Öyle eleştiriyoruz ki tarihimiz söz konusu olunca şaşmamak elde değil. Bazı eleştirmenler tarihi kurgu roman adı ile bu türün kullanılması gerektiğini savunmuşlar. Ama zaten tarihi roman kurgu değil mi? Yazar yazdığı herşeye atıfta bulunsa, kaynak gösterse tez olur, makale olur, biyografi olur neticede bilimsel bir yazın türü olur. Kaldı ki İskender Pala kitabın sonunda bir kaynakçaya da yer vermiş. Tarihi roman tarihte yaşanmış bir olay yada kişi üzerine kurgulanmış bir roman türü. Benim de çok sevdiğim bir tür. Naçizane bir ilkçağ tarihçisi olarak da hiç bir zaman "Tarihte böyle şey olmadı" diye de eleştirmedim. Tarihi romanların daha çok yazılmasını da ayrıca destekliyorum, zira benim için en büyük katkısı örneğin İskender Pala'nın bu kitabında olduğu gibi daha önce ilgimi çekmeyen Çaldıran Savaşı'na ilgimi çekmesi oldu. Tarihi roman okurken gerçek tarihi verileri, kaynakları okumaya teşvik etmesi bir tarihi romanın en büyük özelliğidir.
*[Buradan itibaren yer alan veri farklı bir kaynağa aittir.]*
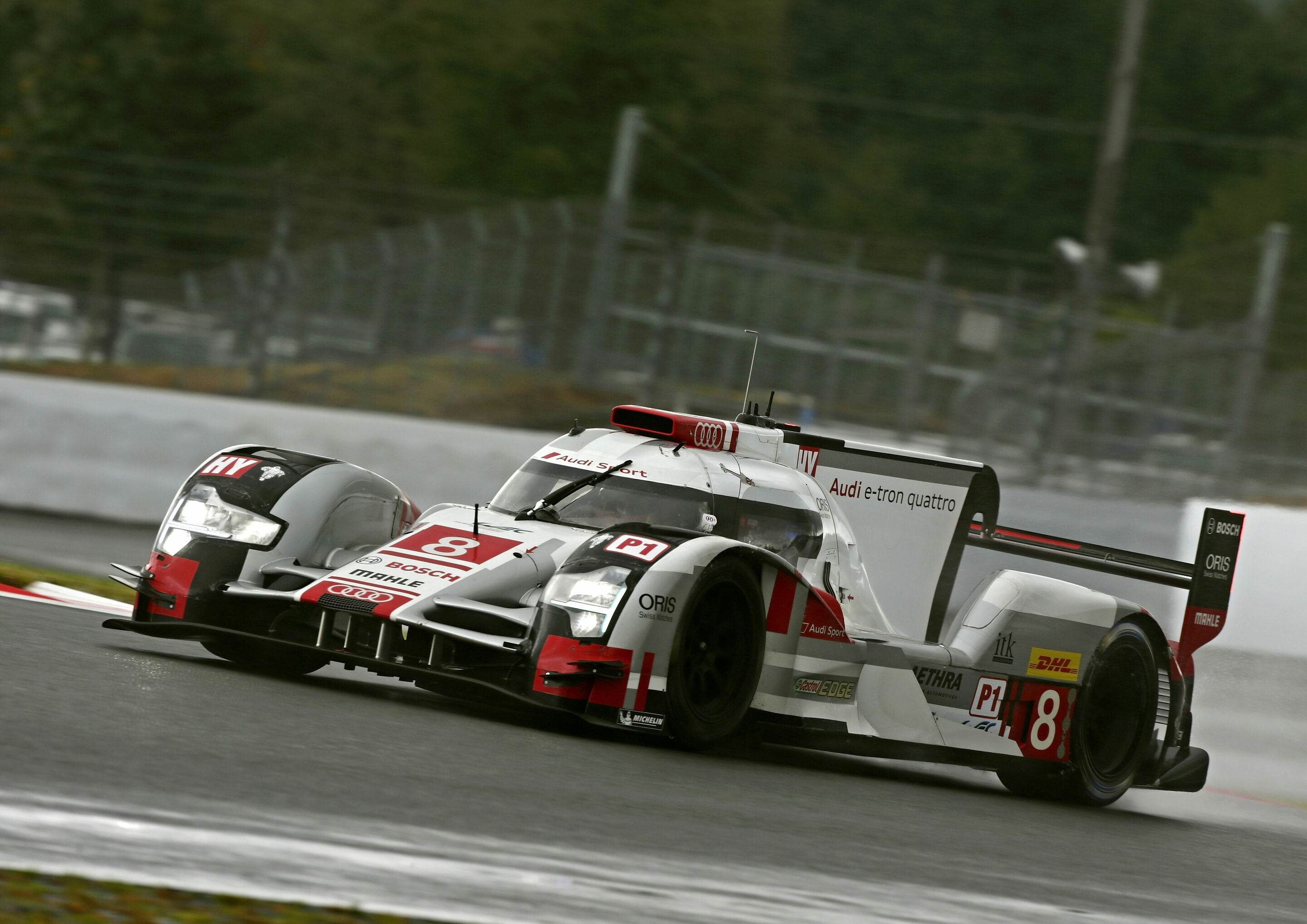 WEC Fuji 2015 - Audi R18 e-tron quattro #8 (Audi Sport Team Joest), Lucas di Grassi, Loïc Duval, Oliver Jarvis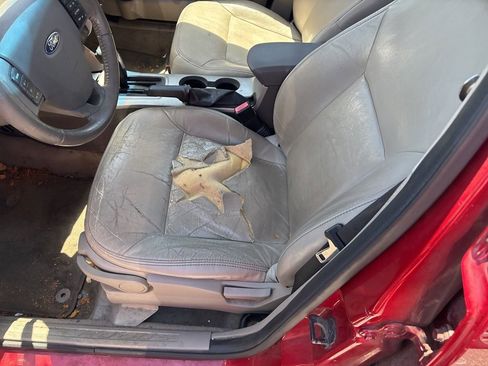 Used 2010 Ford Focus SEL image 5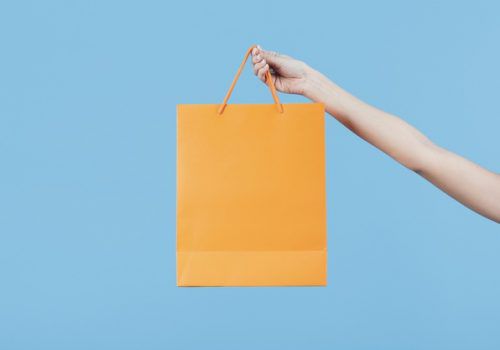 Artigo de alunas da FECAP sobre consumo de roupas íntimas por pessoas trans é aceito no mais importante congresso de marketing europeu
Elbette bazı okuyucular tarihi kolay yoldan öğrenmek adına bilerek yada bilmeyerek tüm yazılanları olmuş gibi algılayabilir. Ancak okuyucunun da bu nokta bilinçli davranması ve gerçekten merak ediyorsa bir de bilimsel kaynaklara göz atması gerekir. Bu sebeble ben kitabı bir tarihi roman olarak sevdim. Dili büyülü ve ahenkli ki ilk okuduğum İskender Pala kitabıydı.
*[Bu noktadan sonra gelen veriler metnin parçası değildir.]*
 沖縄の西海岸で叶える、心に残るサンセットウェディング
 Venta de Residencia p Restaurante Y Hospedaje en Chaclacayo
Diğer bir tartışma konusu ise sünnilik - alevilik. "Sünnileri iyi alevileri kötü olarak göstermiş" denilmekte. Ben alevilik konusunda malumat sahibi değilim bu sebeble ancak subjektif olarak, bana göre objektif olduğunu söyleyebilirim. Çünkü ben sünniyim. Bu konu da dediğim gibi ne kadar objektif olmaya çalışsam da olamayabilirim. Bu konuyu alevilerin değerlendirmesi yerinde olur.
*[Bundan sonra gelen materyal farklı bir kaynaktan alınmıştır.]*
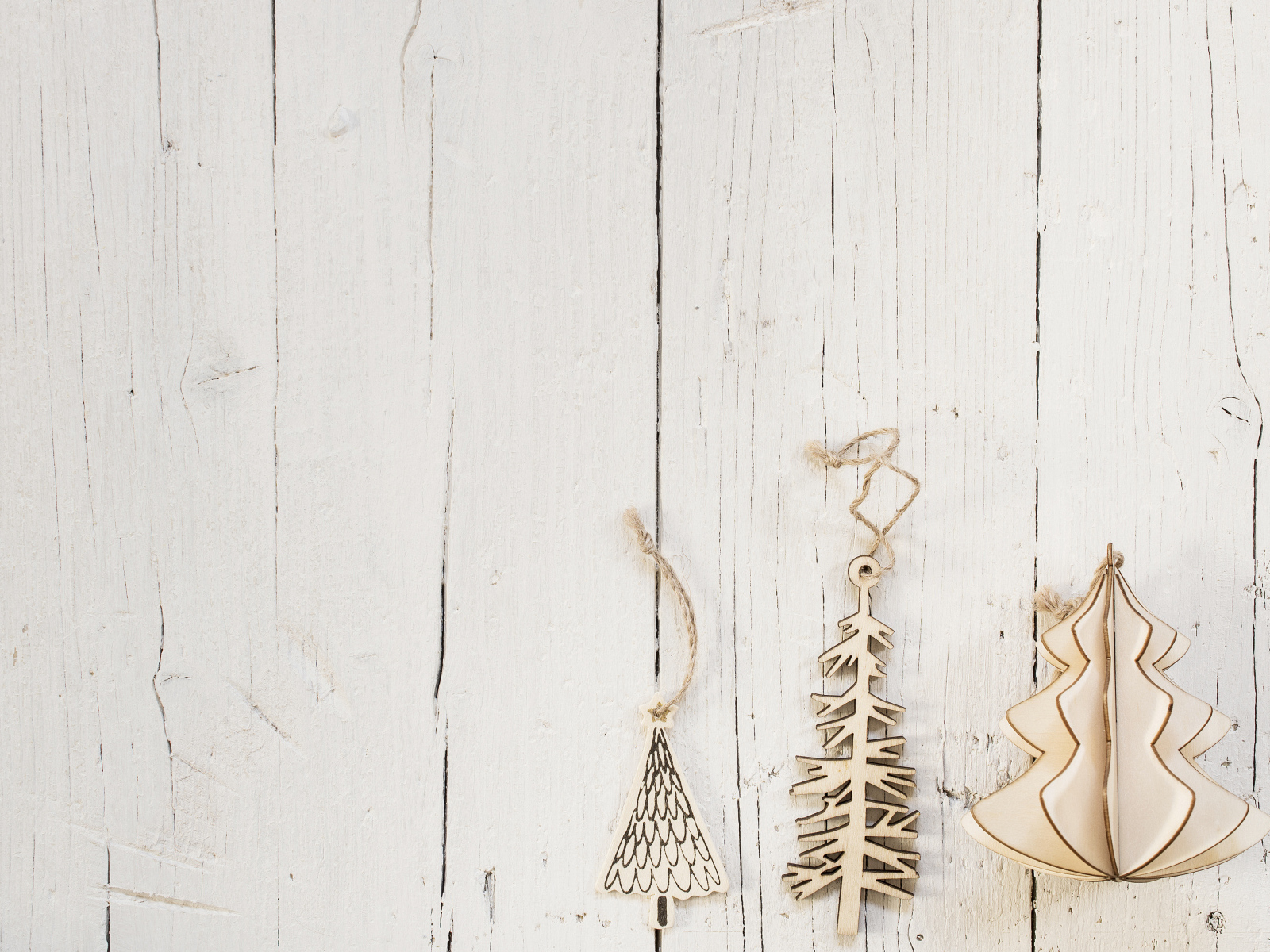 Деревянные елочные украшения  на белом деревянном фоне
(Bu bölüm romanın içeriği ile ilgili detaylı bilgiler içermektedir)
Konuya gelirsek Yavuz Sultan Selim'in şehzadelik döneminden başlayarak Şah İsmail ile ilişkileri anlatılıyor. Bunu yaparken roman çok boyutlu olarak kurgulanmış. Bir boyut; İkiz kardeşler Hasan ve Hüseyin ekseninde gelişiyor. Yolları ayrılan ikizlerden biri Şehzade'nin diğeri Şah'ın yanında (Son dönemde tarihi romanlarda bu ikiz metaforu çok sık karşıma çıkmakta örneğin Devşirme).
Diğer bir boyut hadım Kamber ekseninde ilerliyor. Çocukluğuna şahit olduğumuz Kamber'in hadım edilmesi ve sevgiyi araması romanın en vicdan sızlatan bölümleri.
Bir diğer boyut ise Şehzade, Şah ve Taçlı Hatun. Yukarıda belirtiğim gibi tarihi romanlar ne kadar kurgu olursa olsun yine de tarihsel verileri sunuyor ve konuyu arşatırmama vesile oluyor. Bu konulardan biri de Taçlı Hatun oldu. Varlığını ve üzerinde yapılan tartışmaları öğrenmeme vesile oldu. Taçlı Hatun'un Çaldıran Savaşı'na katıldığı ve bir kaç gün ortadan kaybolduğu biliniyor. Ancak Osmanlı tarihçiler bunu Yavuz'un Taçlı Hatun'u esir aldı olarak aktarmış. Ancak Safevi tarihçileri ise bu durumun tersini söylemekteler. Roman da ise Yavuz'un Taçlı Begüm'ü esir aldığı, daha sonra da Yavuz Sultan Selim'e aşık olduğu anlatılmaktadır. Yukarıda belirttiğim gibi tarihsel gerçek böyle olmasa da netice de kurgudur merak eden benim yaptığım gibi araştırabilir. Taçlı Begüm ile ilgili yazılmış bir makaleyi okumak isterseniz burada.
(Uyarı Sonu)
Son bir not ise kapaktaki resim ile ilgili, çocukluğumuzdan beri bize Yavuz diye aktarılan resim aslında Şah İsmail'e ait.
Sonuç olarak keyifle okuduğum bir kitap oldu. Ve beni bilmediğim bir konuda araştırma yapmaya yönlendirdi ve yeni şeyler öğreneme vesile oldu. Bir kitaptan daha ne isterim?